> Assignment
Look below for the line with "15.5 x 11.25" and the line with "Emilie Long Sleeve Linen Top Product Image". Copy exactly those two lines and every line between, but not the pictures.

> Recorded data

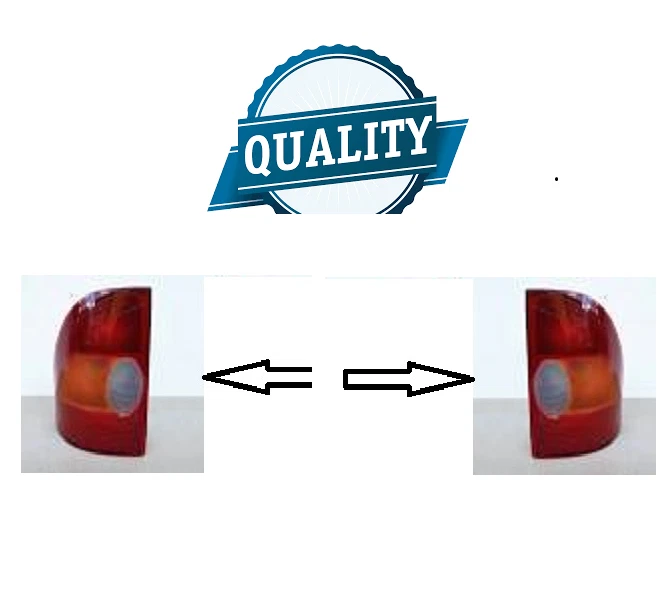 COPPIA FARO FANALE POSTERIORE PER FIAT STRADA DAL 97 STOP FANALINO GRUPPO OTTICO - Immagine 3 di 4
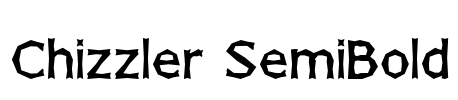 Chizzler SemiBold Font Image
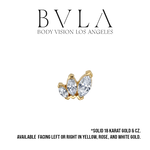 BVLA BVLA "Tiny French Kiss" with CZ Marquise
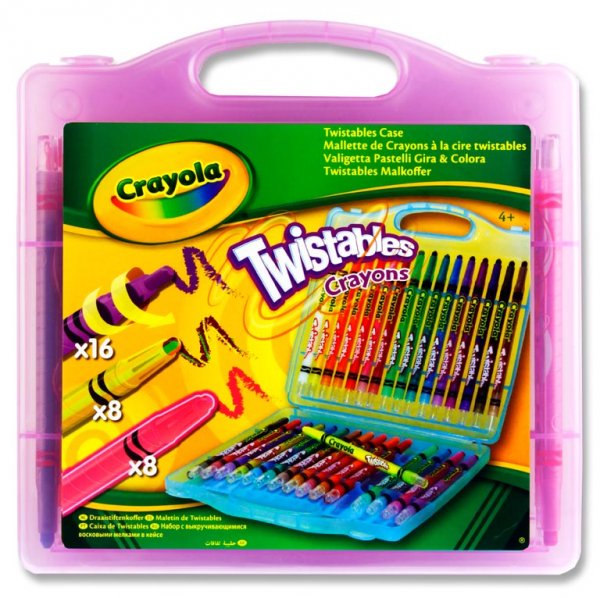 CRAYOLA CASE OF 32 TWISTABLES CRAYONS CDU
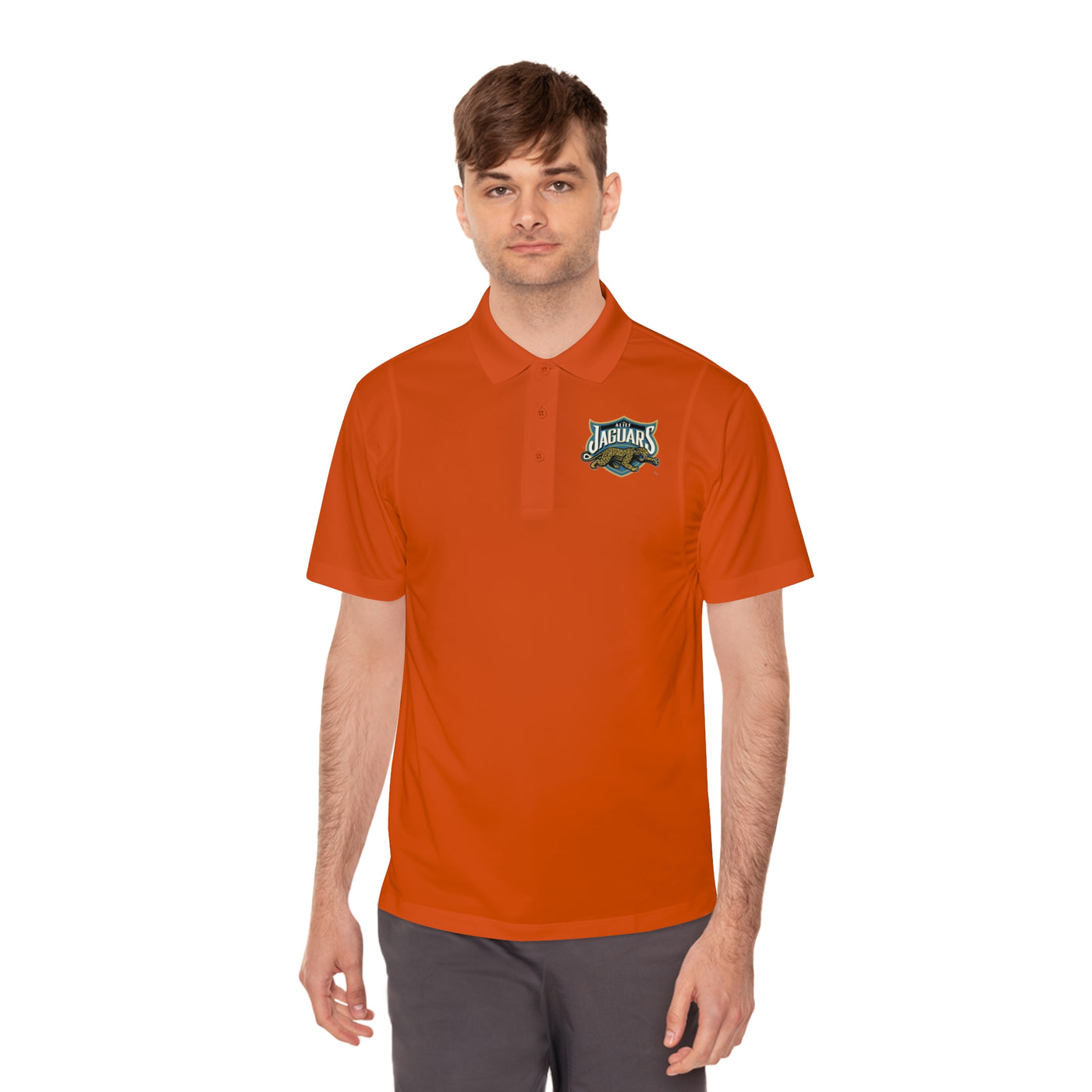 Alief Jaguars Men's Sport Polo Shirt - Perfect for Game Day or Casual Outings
* * *
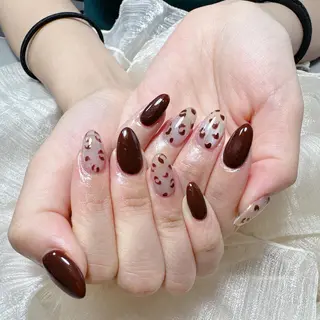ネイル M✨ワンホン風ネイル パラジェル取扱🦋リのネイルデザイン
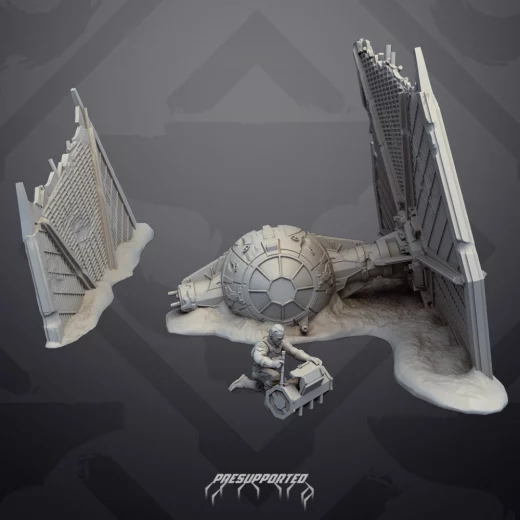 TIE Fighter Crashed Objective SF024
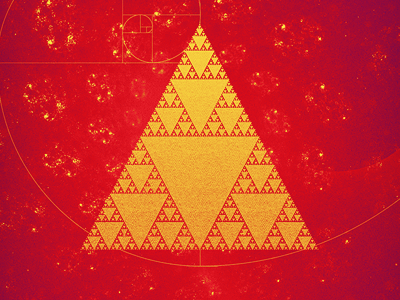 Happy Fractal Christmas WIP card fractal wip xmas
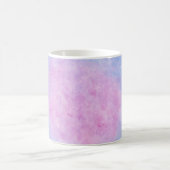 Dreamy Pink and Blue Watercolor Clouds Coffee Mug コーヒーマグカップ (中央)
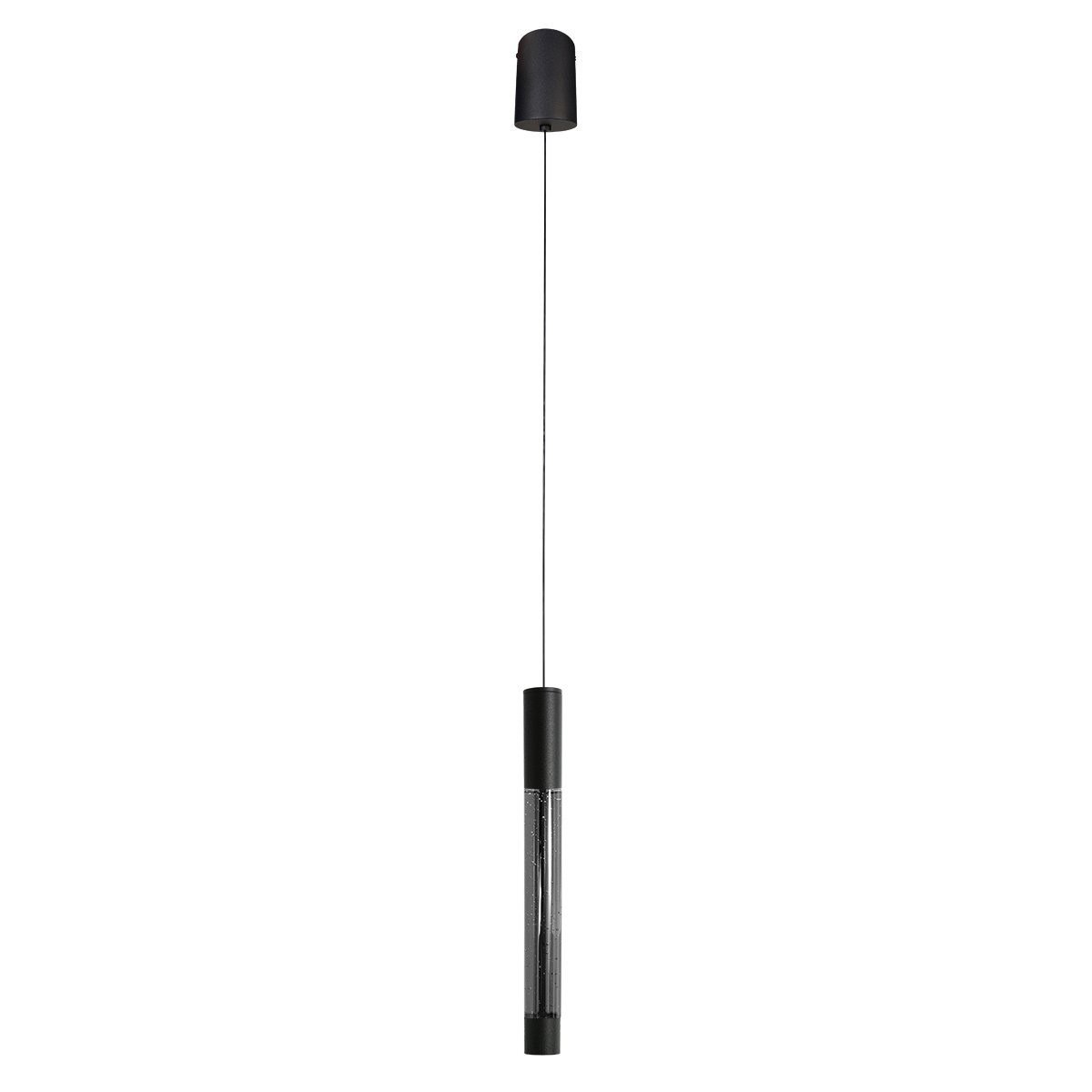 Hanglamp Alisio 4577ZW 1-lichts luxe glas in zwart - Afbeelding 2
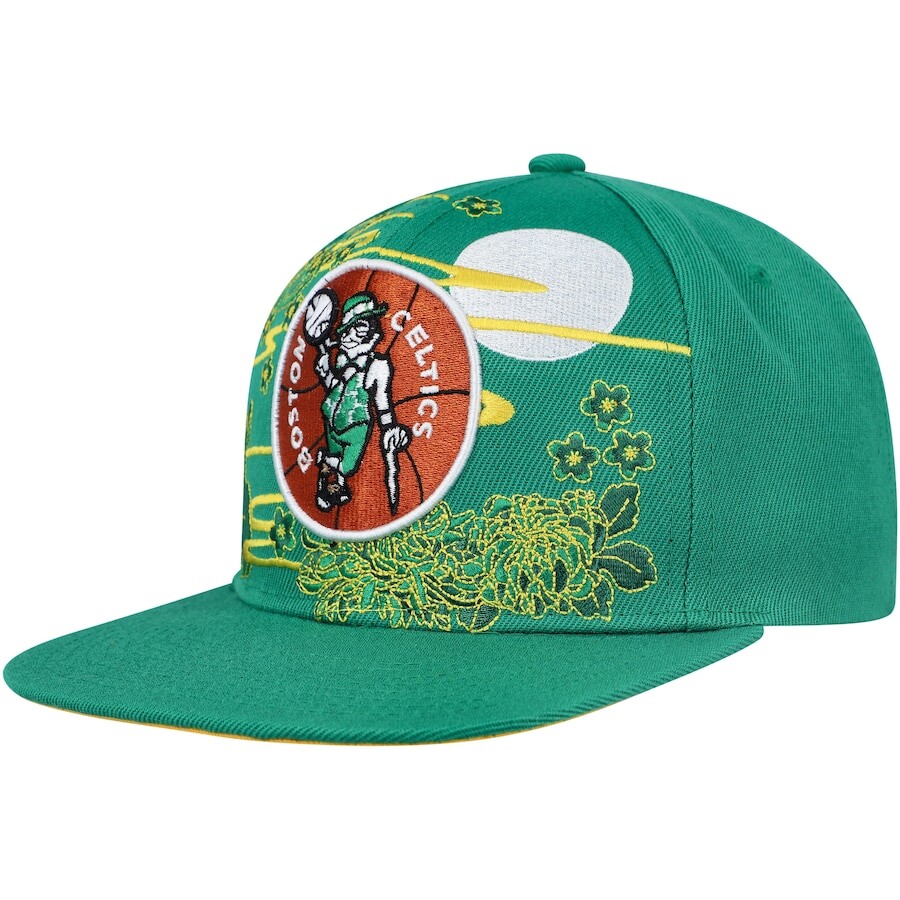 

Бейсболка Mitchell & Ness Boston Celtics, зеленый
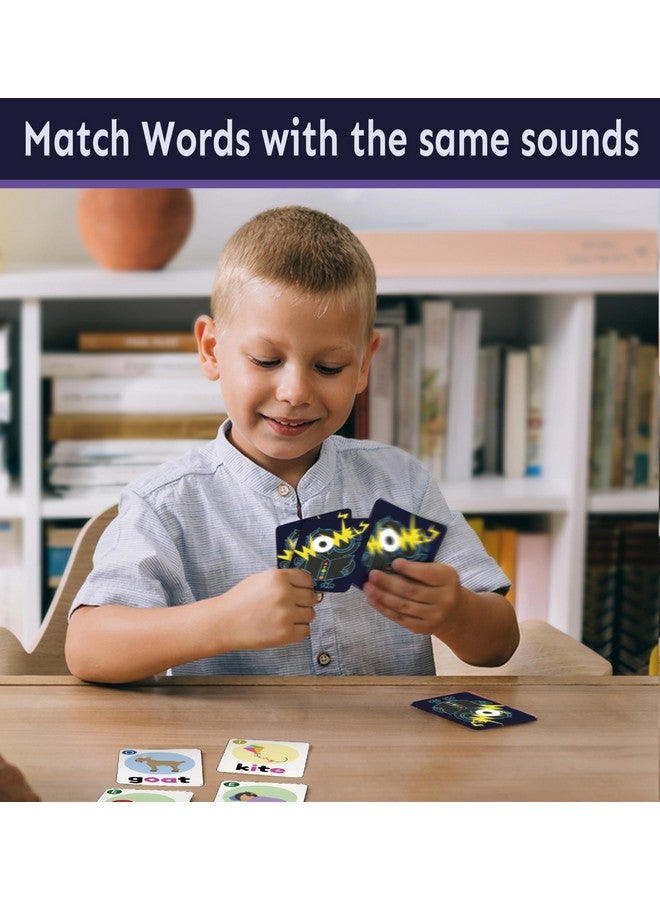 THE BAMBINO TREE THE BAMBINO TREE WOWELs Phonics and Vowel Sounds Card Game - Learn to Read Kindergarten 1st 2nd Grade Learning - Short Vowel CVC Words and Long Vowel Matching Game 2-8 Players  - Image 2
...
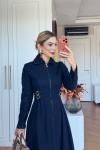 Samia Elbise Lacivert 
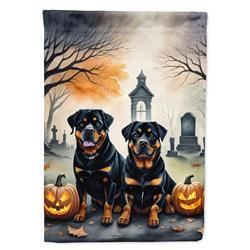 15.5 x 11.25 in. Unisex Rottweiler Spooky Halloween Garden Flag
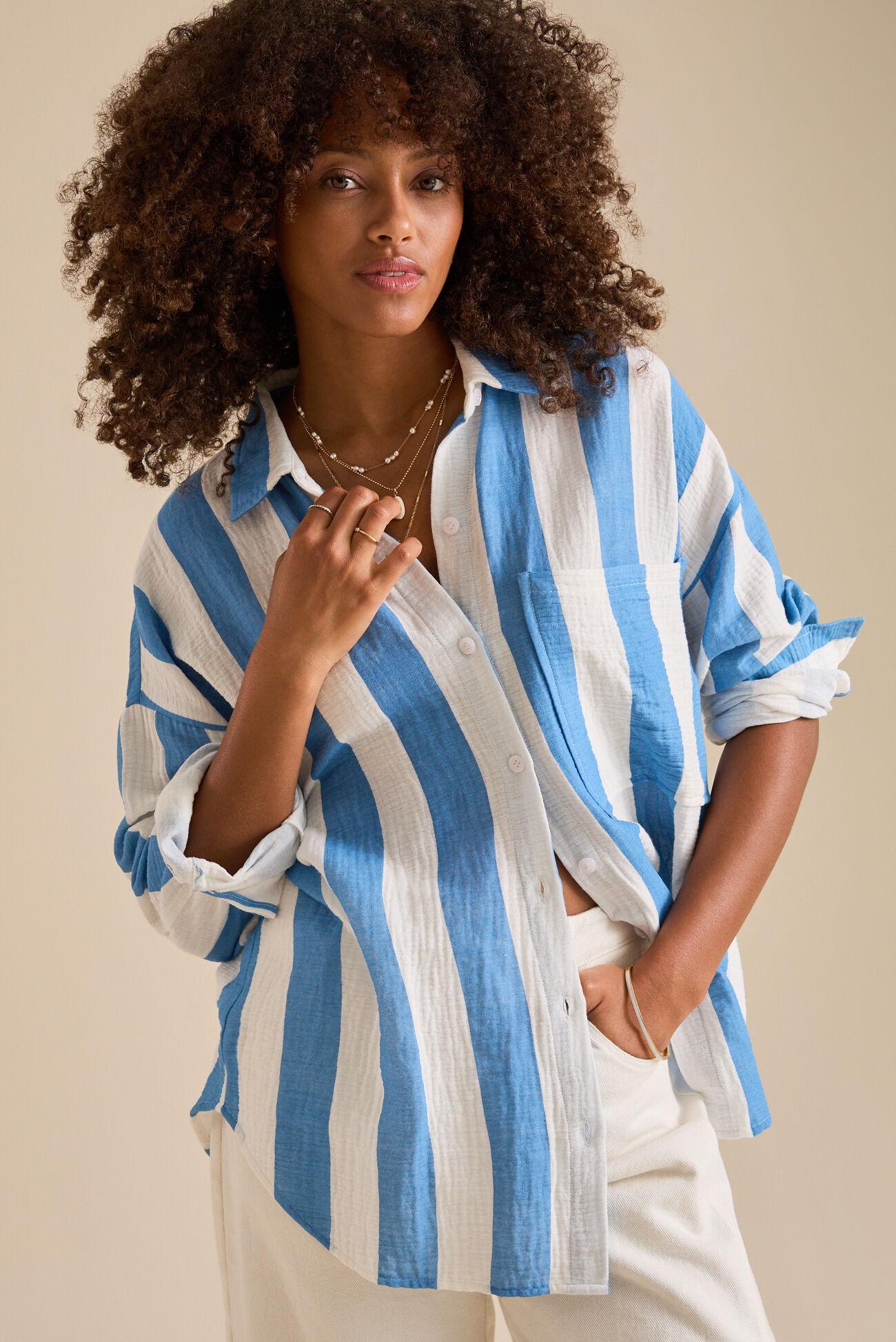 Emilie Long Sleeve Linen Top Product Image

> Your response
 15.5 x 11.25 in. Unisex Rottweiler Spooky Halloween Garden Flag
 Emilie Long Sleeve Linen Top Product Image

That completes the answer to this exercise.